Task requirements:
From the line that contains "View of Single" to the final line of the records below, print each line exactly and leave every picture out.

*** Opening of Source data ***

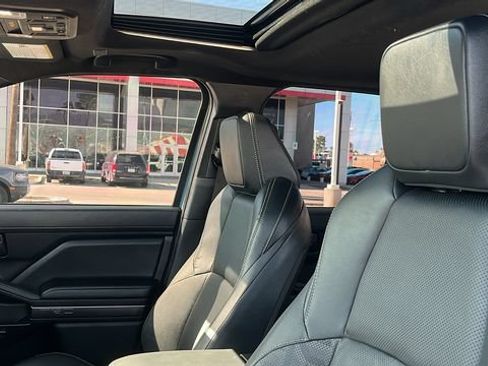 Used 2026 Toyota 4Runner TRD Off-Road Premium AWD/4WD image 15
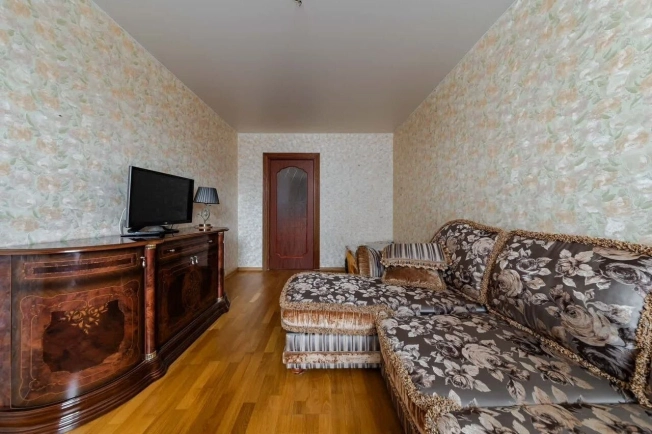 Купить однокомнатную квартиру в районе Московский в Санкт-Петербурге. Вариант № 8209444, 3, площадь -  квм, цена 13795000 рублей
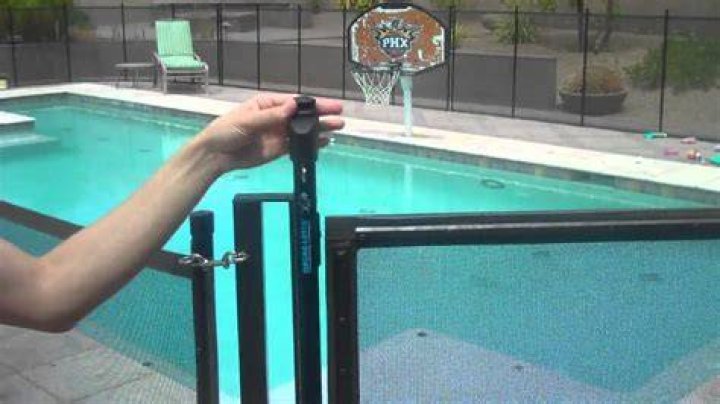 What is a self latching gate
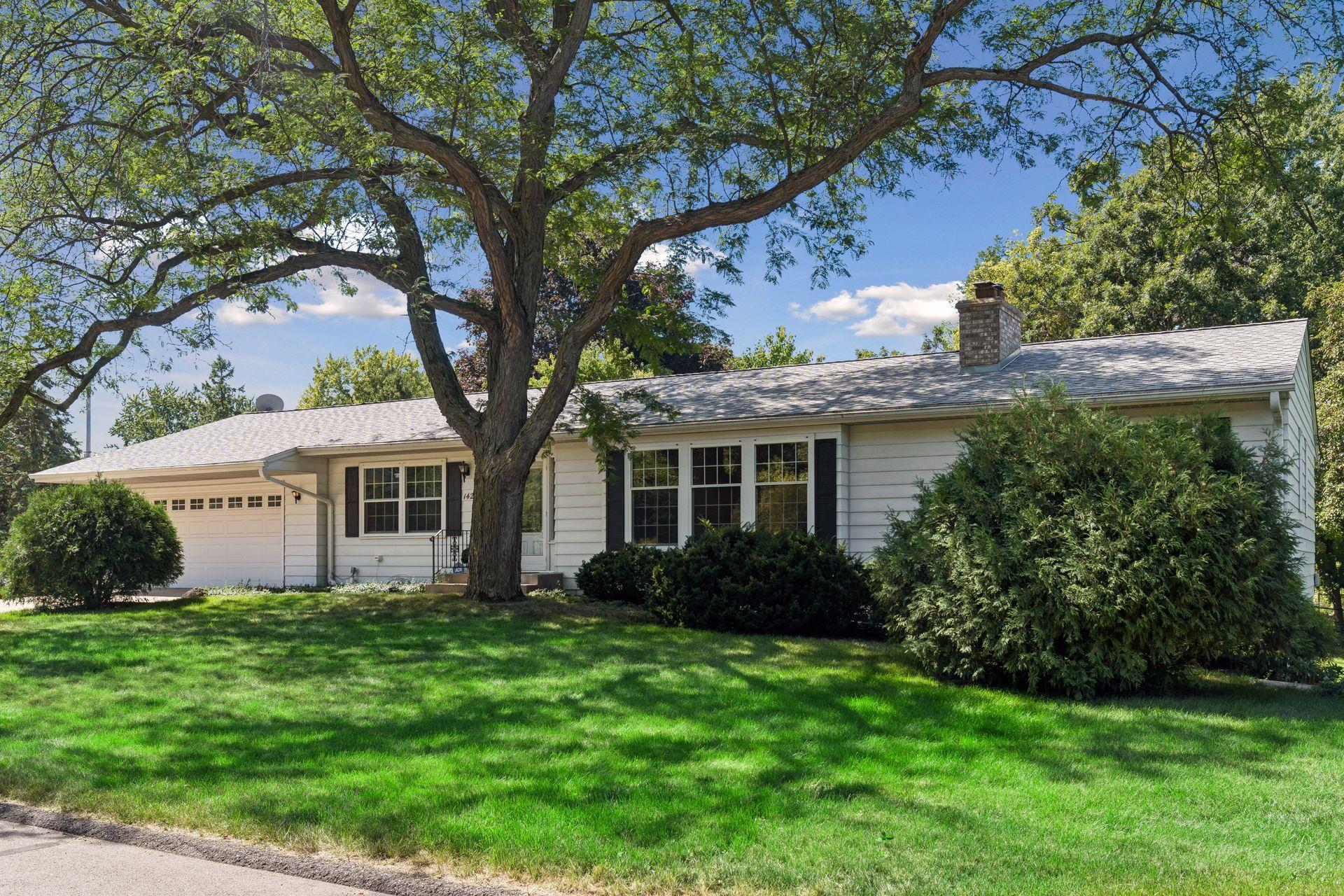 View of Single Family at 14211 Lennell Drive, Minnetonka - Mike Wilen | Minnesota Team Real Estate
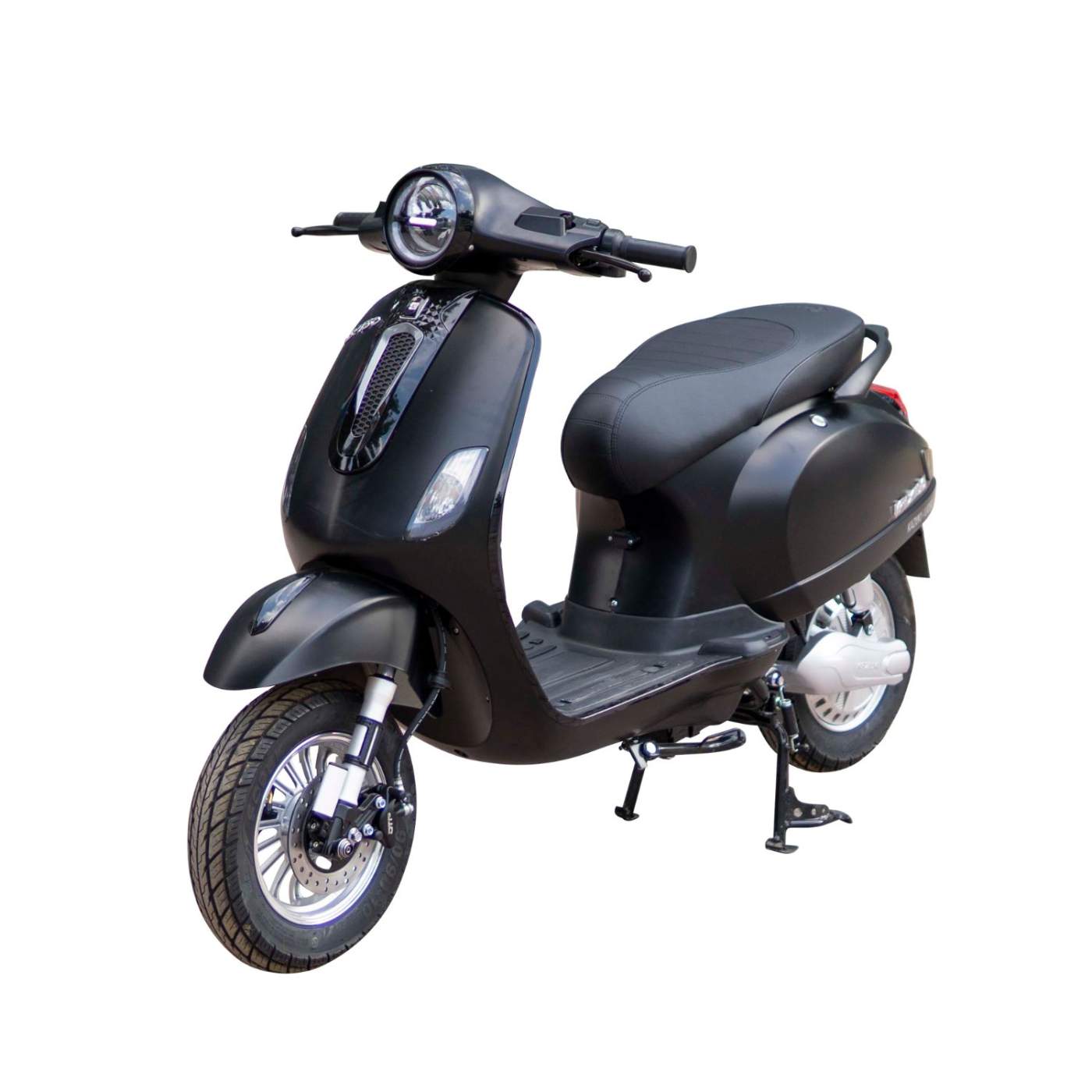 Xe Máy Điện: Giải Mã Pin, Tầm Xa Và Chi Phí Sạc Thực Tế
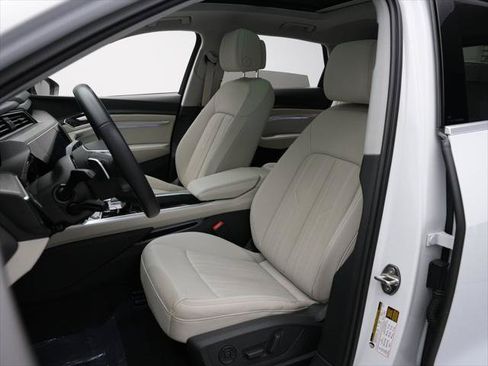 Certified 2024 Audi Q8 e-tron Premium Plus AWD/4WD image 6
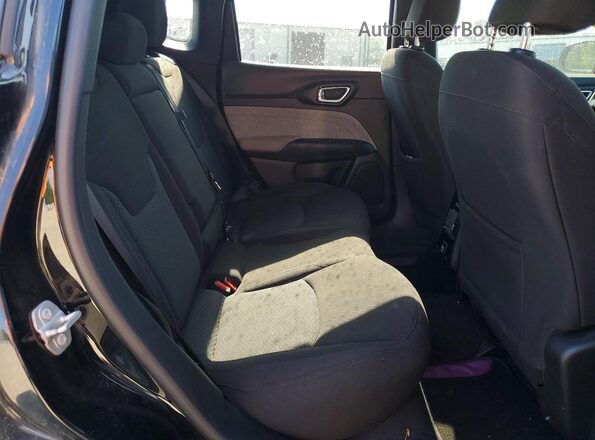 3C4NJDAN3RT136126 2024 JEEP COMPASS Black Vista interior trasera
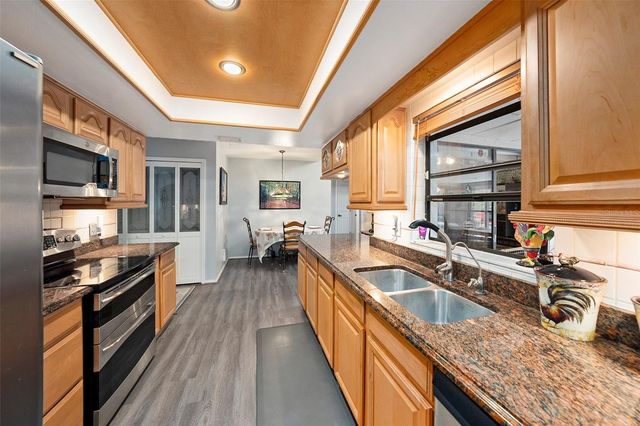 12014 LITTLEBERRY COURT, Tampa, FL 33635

*** Close of Source data ***

Exercise answer:
 View of Single Family at 14211 Lennell Drive, Minnetonka - Mike Wilen | Minnesota Team Real Estate
 Xe Máy Điện: Giải Mã Pin, Tầm Xa Và Chi Phí Sạc Thực Tế
 Certified 2024 Audi Q8 e-tron Premium Plus AWD/4WD image 6
 3C4NJDAN3RT136126 2024 JEEP COMPASS Black Vista interior trasera
 12014 LITTLEBERRY COURT, Tampa, FL 33635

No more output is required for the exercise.